His series will include both brackets and heads-up racing on the same race day. The same car can enter both.

“I don’t have all the classes figured to the ‘T,’ but I’ll have a class for a door car, back-half only, with steel heads, one carburetor and no power additives like nitrous, turbos or blowers,” Howard says. “Then I’ll have one class with a full-tube chassis, one carburetor and steel heads, then another class limited to two carburetors and no additives. Then I’ll have a class with nitrous, one system only, and it will be one carb and aluminum heads.”

Dragsters will have classes too, one for a small block with one carburetor and steel heads, another for aluminum heads over a small block and one or more carburetors. There will also be a dragster class for a single carburetor and aluminum heads, no additives, then finally an unlimited dragster class, like IHRA’s Top Dragster class.

For the Top Dragster and Unlimited Door Car classes, there will be a tire rule, a max tire size about which George is now getting input from Goodyear, Mickey Thompson Tires and Hoosier. “I don’t want no 16x32s with bead locks. You buy something like that, you’re looking at $3,000 for a set of tires. I want to keep the cost of this program low, for the sportsman racer,” he says.

Okay, let’s go over them again --- three dragster and four door-car classes – one carburetor, small block, back-half car only; then a back-halved car, big-block, two carburetors, aluminum heads; a tube chassis car class with one carburetor with steel heads, no power additives; and a door car class with aluminum heads, one or more carburetors and one system of nitrous. All cars will be equipped with Powerglides, to keep the cost down and to keep the Lenco/Pro Mod guys out of the classes.

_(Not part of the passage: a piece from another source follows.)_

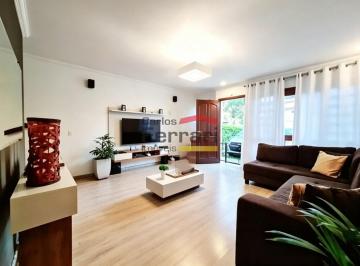 Casa · 110m² · 3 Quartos · 2 Vagas · Condomínio Fechado no Horto Florestal, com 110m², 3 quartos, sendo 1 suíte e 2 v
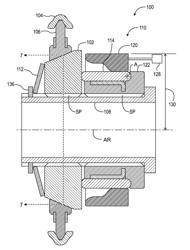 WEDGE CLUTCH HAVING A PLURALITY OF WEDGES AND WEDGE CLUTCH WITH WEDGE PLATES AND SELF-LOCKING DISPLACEMENT ASSEMBLY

“I have the rules close,” George says. “I’ve looked at elapsed times over the years, and I think brackets can mix in. A racer will be able to show up at my races and he will have a bracket race to race in and heads-up classes to race in --- both, on the same day. He can enter two classes to race.”

Why the idea? “My first place in drag racing is bracket racing, and it (brackets) will always be in my heart. But I’m trying to come up with something new for bracket racers, and I have some formulas figured out, to take your average bracket cars and turn them into heads-up cars, not based off an index, but kind of like the old Modified Production days. We’ll have visual tech as to what is there (on the engine) to race with.

“I want to put some butts back in the seats. I want spectators. They don’t know and don’t understand bracket racing, so they won’t come. But they DO understand a Pro tree start, and whoever gets there first wins,” he says.

Howard has put on --- shall we say, unusual --- races before, where he has given away spectator tickets to bracket races, and spectators didn’t even come. That tells him that bracket racing is in trouble as far as spectators are concerned. For an average race track to stay in business, it has to have spectators, he says. “And being a track operator, no one understands that more than I do,” George says.

Two tracks that will probably host his new bracket/heads-up shows are Bama Dragway near Jasper, Alabama, which Howard owns and recently leased to promoter Darrell Taff, and Huntsville, which Howard leases. He is sure that if the concept catches on, a lot of other tracks will adopt the format on their own.

The rules aren’t set in stone yet. When Howard comes home from the December PRI show in Indianapolis, he’ll finalize them. “I’ll talk to everybody, to get some help on these classes, and I’m going to try and do this to where I think it’s the fairest way. I want the people who have supplied the bracket racer for years involved. Plus I want to see some spark put back in sportsman racing. It has lost its spark,” he says.